Tagesspiegel
Systematische Folter
Mittwoch, 30.10.2024 – von Nora Ernst
Eine UN-Expertin wirft Russland in ihrem jüngsten Bericht systematische Folter von Kritikern und inhaftierten Ukrainern vor. Folter sei kein „neues Phänomen“ in Russland, seit dem Einmarsch in die Ukraine sei daraus jedoch eine „konzertierte Strategie“ geworden, um „Kriegskritiker oder Dissidenten zum Schweigen zu bringen“, sagt die Sonderberichterstatterin für Menschenrechte in Russland, Mariana Katzarova.
Dass Russland offenbar nicht nur im Inland, sondern auch in den besetzten ukrainischen Gebieten systematisch Gewalt einsetzt, macht ein Bericht der „New York Times“ deutlich (Quelle hier). Ein Team von Reportern sprach über Monate hinweg mit dutzenden Ukrainern, die unter russischer Besatzung gelebt hatten, mit Ermittlern der ukrainischen Staatsanwaltschaft und Menschenrechtsaktivisten in Kiew, Sumy, Odessa und Cherson.

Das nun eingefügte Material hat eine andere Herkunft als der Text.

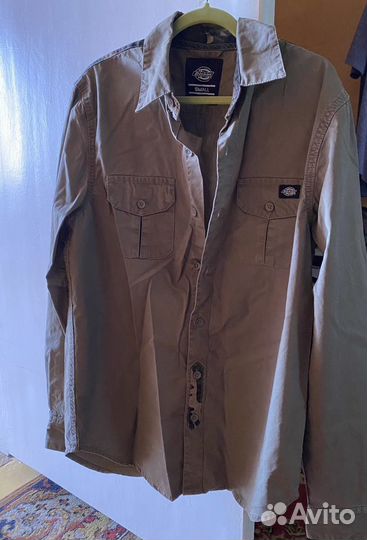 Рубашка Dickies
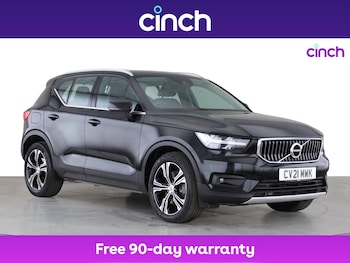 Volvo - XC40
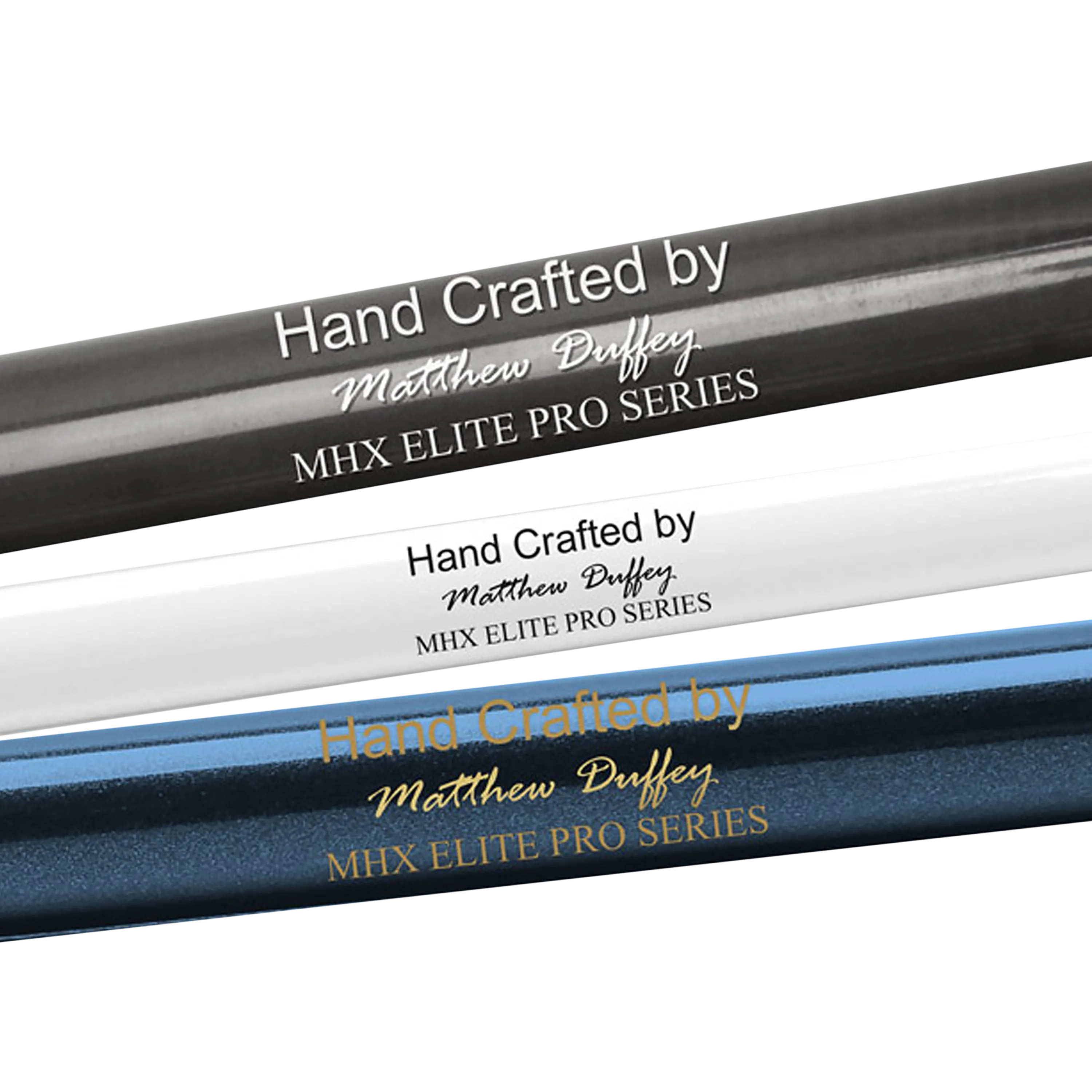 Mud Hole Customizable Text Rod Decals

Russland, so das Ergebnis der Recherche, habe ein brutales System der Unterdrückung aufgebaut. „Diese Gewalt, diese Grausamkeit“ habe ein „klares Ziel“, sagte Oleksandra Matwitschuk, Leiterin des Kiewer Zentrums für bürgerliche Freiheiten, das seit 2014 Menschenrechtsverletzungen dokumentiert: Es sei eine „Kriegstaktik, um die Kontrolle in den besetzten Gebieten zu behalten“.

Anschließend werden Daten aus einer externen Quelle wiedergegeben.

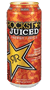 ROCKSTAR JUICED Mango Orange Passion fruit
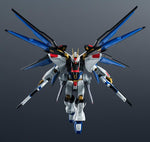 GU-28: Mobile Suit Gundam SEED Destiny - ZGMF-X20A Strike Freedom Gundam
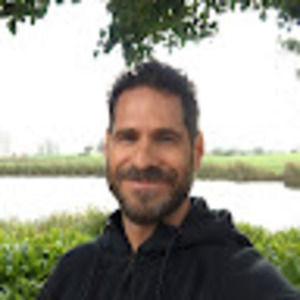 Meet your Posher, Jc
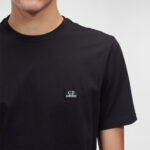 JERSEY LOGO TEE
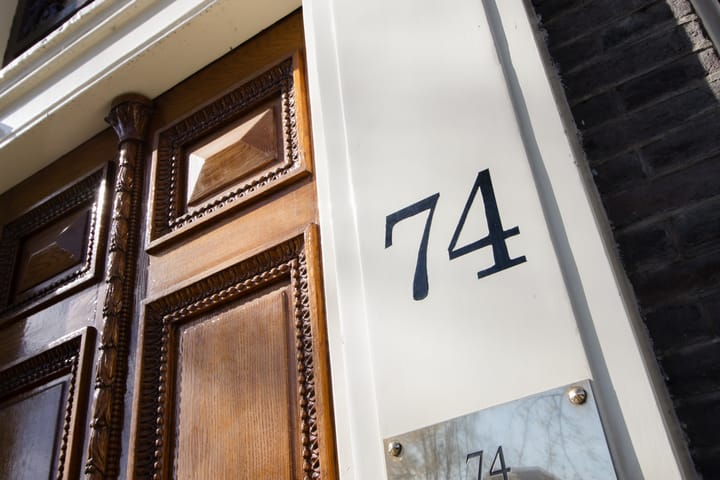 Foto 29 van Keizersgracht 74-K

Mit Folter, Propaganda, Umerziehung und erzwungenen russischen Staatsbürgerschaften solle die ukrainische Identität regelrecht ausgelöscht werden, berichteten Menschenrechtsaktivisten. Rund 22.000 Ukrainerinnen und Ukrainer würden in Gefängnissen, inoffiziellen Lagern und Kellern festgehalten – oftmals mit fadenscheinigen Begründungen. Menschen würden verschleppt, Zivilisten im Schnellverfahren hingerichtet, gefoltert und vergewaltigt.
Einer, der das am eigenen Leib erfahren hat, ist der 48-jährige Anwalt Jewheny, dessen Heimatstadt im Süden der Ukraine von Russland besetzt worden war. Im Dezember 2022 seien acht russische Soldaten in sein Haus eingedrungen, hätten ihn verschleppt und eine Woche lang brutal verhört, erzählte er. Mit einer Brechstange hätten sie ihn verprügelt, sein Ertrinken simuliert und ihm mit einer Plastiktüte die Luft abgeschnürt. Als sie ihn wieder freiließen, habe er sechs Wochen lang nur im Sitzen schlafen können. „Meine Beine, mein Hintern, alles von der Taille abwärts war schwarz von den Schlägen“, sagte er.